### Exercise prompt:
Please write out exactly the line containing "Used 2026 Toyota Corolla LE FWD image 18" below and every line after it, through the last one, but leave out any pictures.

### Stored data:
____
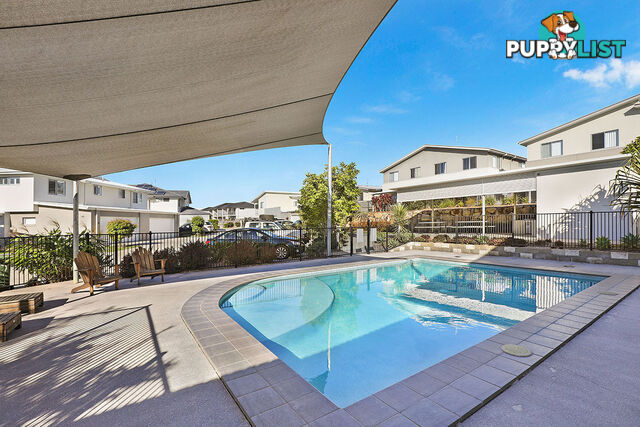 40/14 Photinia Crescent Mountain Creek QLD 4557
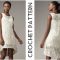 Crochet Lace Wedding Dresses A Comprehensive Guide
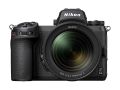 Nikon Z6 II Mirrorless Camera Z 24-70mm Lens with Bag and 64 GB Card. 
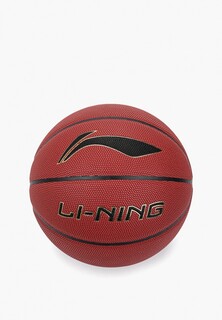 Мяч баскетбольный Li-Ning 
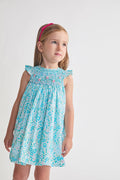 Smock Dress 'Paros'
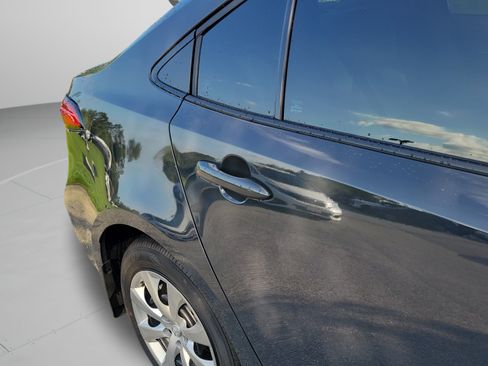 Used 2026 Toyota Corolla LE FWD image 18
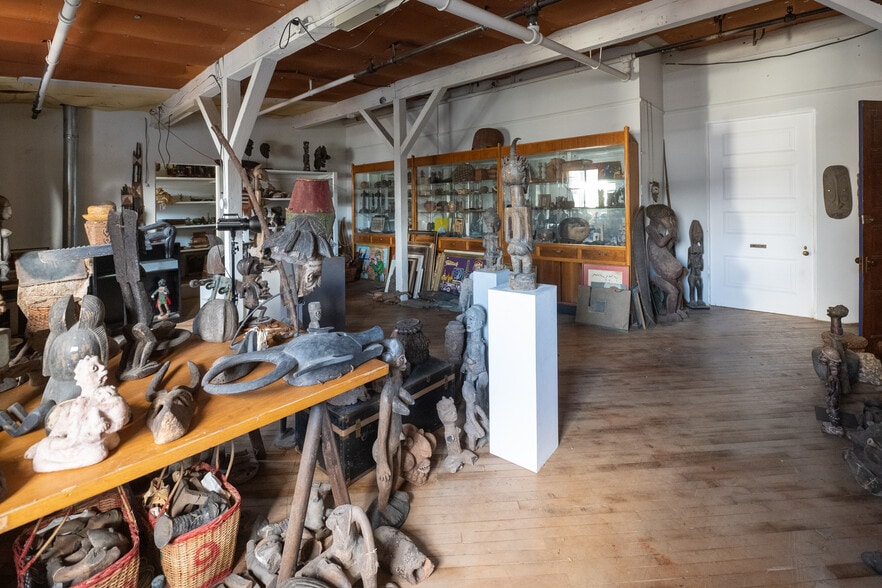 More Photos Of 230-234 Ferry St, Easton Loft Creative Space For Sale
____
### Answer below:
 Used 2026 Toyota Corolla LE FWD image 18
 More Photos Of 230-234 Ferry St, Easton Loft Creative Space For Sale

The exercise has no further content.